On May 10, 1970, University of Virginia President Edgar Shannon addressed an estimated crowd of 4,000 at the Rotunda. He called for prompt action to end the Vietnam War, a concession to students after days of protests, but reaffirmed his decision to keep the University open.

When student protests of the Vietnam War swept across the nation’s colleges and universities in May of 1970, many doubted the fervor would reach the University of Virginia. The national wave of dissent was set off by the May 4 massacre at Kent State University, in which four students were killed, and nine wounded, by National Guardsmen during a student protest of U.S. military involvement in Cambodia.

At Virginia, attentions and sympathies were split as the semester wound down. Anti-war agitators stood out on Grounds because students were formally expected to conduct themselves as “gentlemen” and “ladies”—a vague standard enforced by the University’s student-run Judiciary Committee.

The night of the Kent State massacre, a group of about 1,200 young men and women demonstrated at the Rotunda in a spontaneous gathering, with a faction also marching to UVA President Edgar Shannon Jr.’s home on Carr’s Hill. But it was the occupation that night of Maury Hall, the Naval ROTC building, which proved more problematic. A splinter group of about 250 dissidents took the building, and made it clear they wouldn’t leave of their own volition.

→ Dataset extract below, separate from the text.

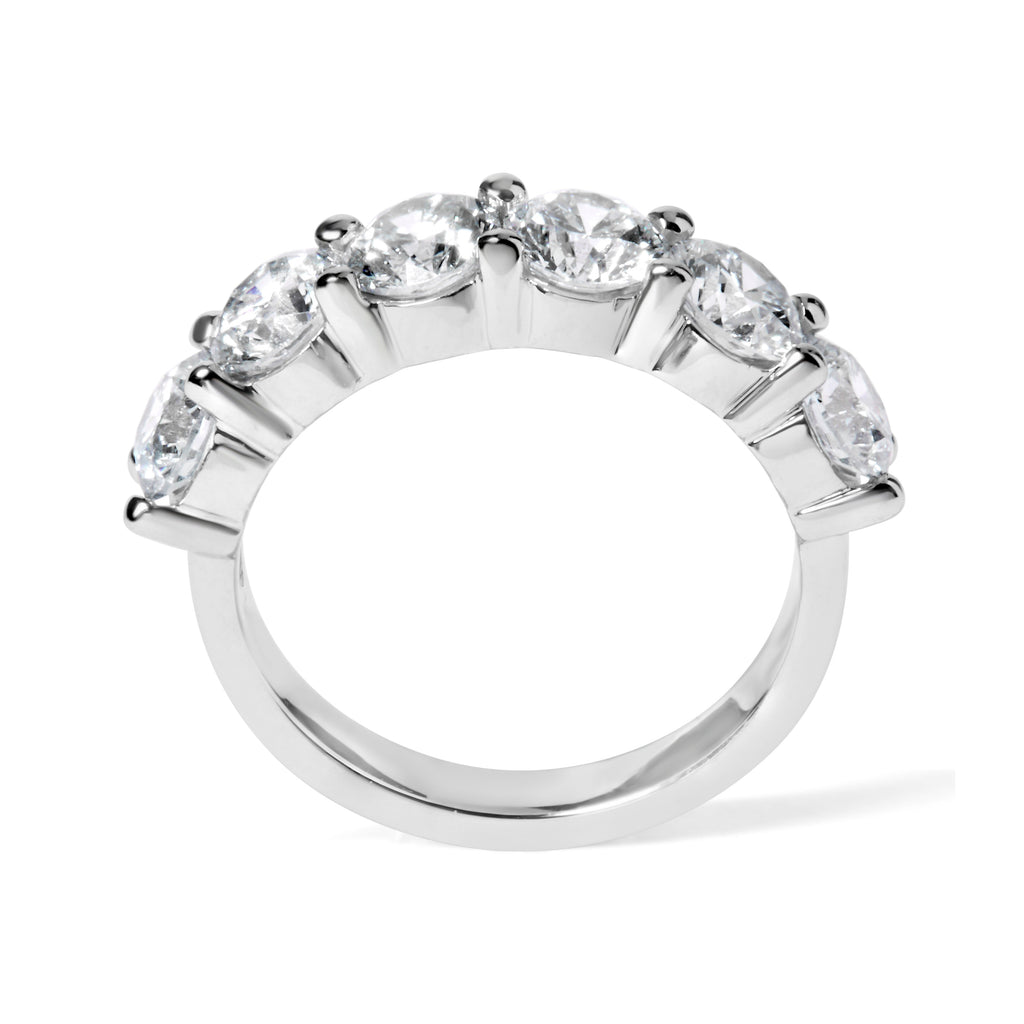 14K White Gold 3.0 Cttw Lab-Grown Diamond Shared Prong Set 6 Stone Band Ring (G-H Color, VS2-SI1 Clarity) - Ring Size 7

“The atmosphere was as tense in the administration camp as it was in Maury Hall’s wardroom, where free cigarettes and coffee were distributed to the assembled forces of occupation,” The Cavalier Daily reported.

At the president’s request, Albemarle County Circuit Judge Lyttelton Waddell issued an injunction ordering the students to vacate, which meant police would remove them if they failed to comply. The students—also looking for an out—obeyed the injunction the next morning. The legal move was enough of a government cudgel that, observers noted, the students felt they had made their point.
But the break in the disruptions would not last long.

Photos: The May Days Protests


The VMI Grad Who Ascended the Judiciary Committee

Thomas Boyd

Thomas Boyd was a law student in 1970.
Thomas M. Boyd ’71 would eventually rise to senior positions in public and private practice, including being appointed by President Ronald Reagan as an assistant attorney general in charge of the Office of Legislative Affairs at the Department of Justice and, later under President George H. W. Bush, head of the department’s Office of Policy Development. But in 1970, Boyd was still an aspiring lawyer, fresh out of the Virginia Military Institute. At UVA Law, Boyd was a member of the John Bassett Moore Society of International Law, a participant in moot court competitions and an associate editor of the Virginia Law Weekly. He often wore a jacket and tie to class like many of his classmates, although the dress code was growing more permissive.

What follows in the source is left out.